Advertisement

Program Will Offer Catering Training

Share

Gina Mirabella knows what it’s like to be in need.

The Lithuanian native fashioned a lucrative business career and comfortable lifestyle in the United States, which included a Porsche sports car and a home in Palos Verdes Estates, before her marriage broke up and bad investments left her with nothing.

“All of a sudden I found myself homeless and penniless and at MEND’s [Meeting Each Need with Dignity] door asking for help,” she said Monday during a luncheon at the Pacoima social services agency.

Mirabella, who has since remarried and put her life in order, is now the food director at MEND and the driving force behind a new program to train the agency’s clients to work in the catering business.

Advertisement

“I was helped by MEND, and I stayed on as a volunteer, as do many of the recipients,” Mirabella said. “I consider it my family.”

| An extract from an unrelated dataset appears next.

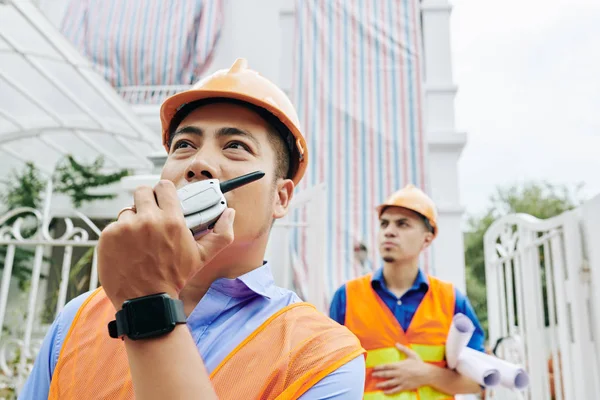 Contratista Asiático Serio Que Controla Trabajo Sitio Construcción Hablando Walkie — Foto de Stock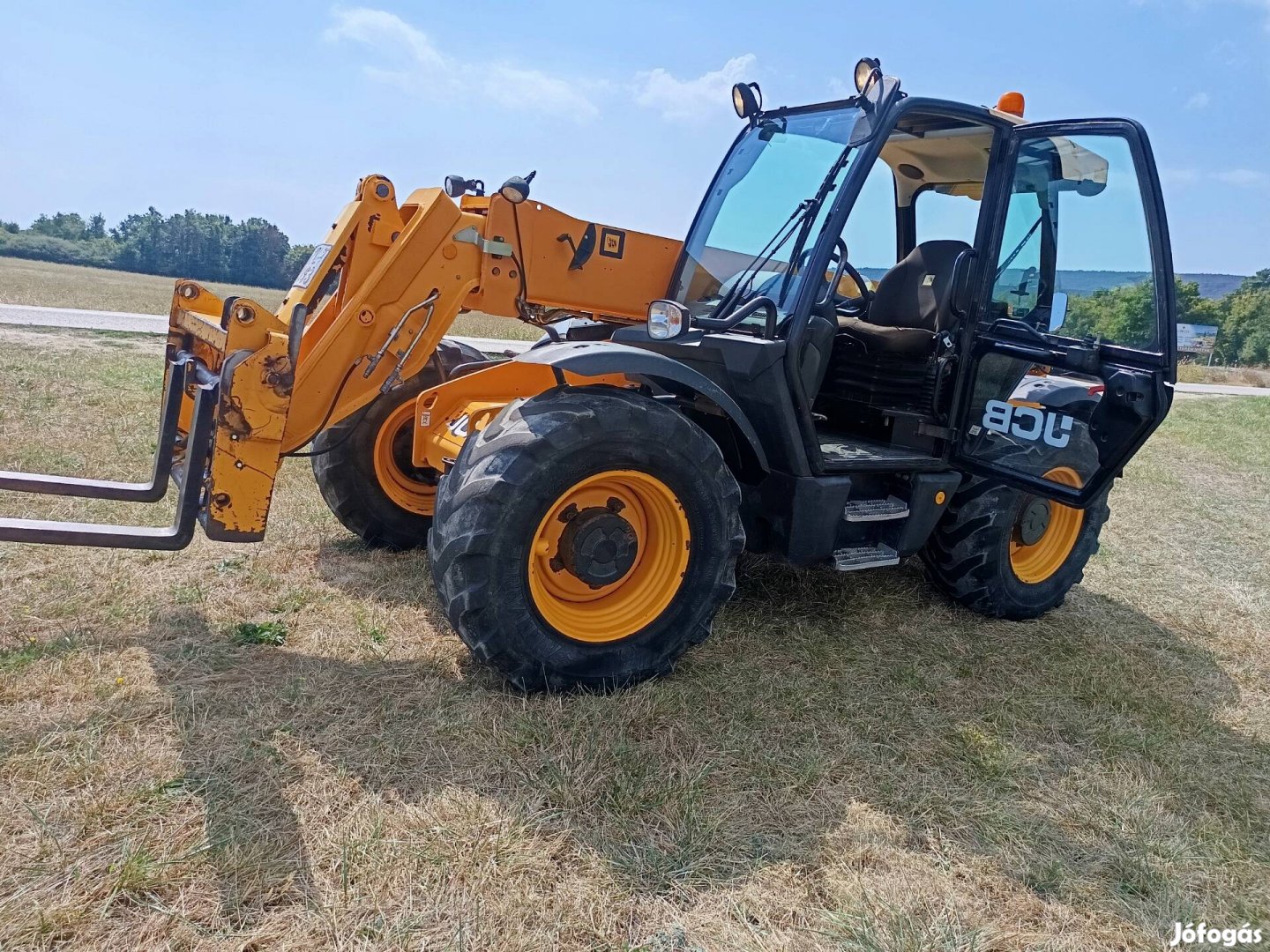 Eladó JCB 536-70 teleszkópos rakodó.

Monday’s luncheon, sponsored by Kaiser Permanente and Los Angeles County Supervisor Zev Yaroslavsky and attended by nearly 100 representatives from other service agencies and local businesses, served as an opportunity for MEND officials to showcase the merits of the catering service and seek support for its varied programs.

MEND, which celebrated its 25th anniversary this year, provides food, clothing, medical and dental services and job training for needy residents of the northeastern San Fernando Valley.

“The whole idea of MEND is to give people an opportunity to pull people up by their bootstraps and be an asset to society,” said MEND board chairman Steve Brown, a Valley businessman.

It was that philosophy that led to the catering program, said Marianne Hill, MEND’s executive director.

“A lot of the women involved in this didn’t have any formal training, but they’re good cooks,” Hill said. “Our plan is to get them some formalized training. We’ll have them cater events here and then hopefully branch out into the community, perhaps for other service agencies and charities.”